WHAT YOU HAVE TO DO
Read the listing below. Then repeat it exactly.
------
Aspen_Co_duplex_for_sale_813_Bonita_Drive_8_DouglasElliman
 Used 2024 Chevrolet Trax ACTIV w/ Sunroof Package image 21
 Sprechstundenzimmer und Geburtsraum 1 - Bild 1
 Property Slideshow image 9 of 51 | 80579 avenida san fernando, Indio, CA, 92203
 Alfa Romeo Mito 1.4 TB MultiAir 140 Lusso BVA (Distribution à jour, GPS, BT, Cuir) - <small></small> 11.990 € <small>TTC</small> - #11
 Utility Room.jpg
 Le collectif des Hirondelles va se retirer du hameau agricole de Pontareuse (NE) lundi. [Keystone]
------
RESPONSE FOR THIS EXERCISE
Aspen_Co_duplex_for_sale_813_Bonita_Drive_8_DouglasElliman
 Used 2024 Chevrolet Trax ACTIV w/ Sunroof Package image 21
 Sprechstundenzimmer und Geburtsraum 1 - Bild 1
 Property Slideshow image 9 of 51 | 80579 avenida san fernando, Indio, CA, 92203
 Alfa Romeo Mito 1.4 TB MultiAir 140 Lusso BVA (Distribution à jour, GPS, BT, Cuir) - <small></small> 11.990 € <small>TTC</small> - #11
 Utility Room.jpg
 Le collectif des Hirondelles va se retirer du hameau agricole de Pontareuse (NE) lundi. [Keystone]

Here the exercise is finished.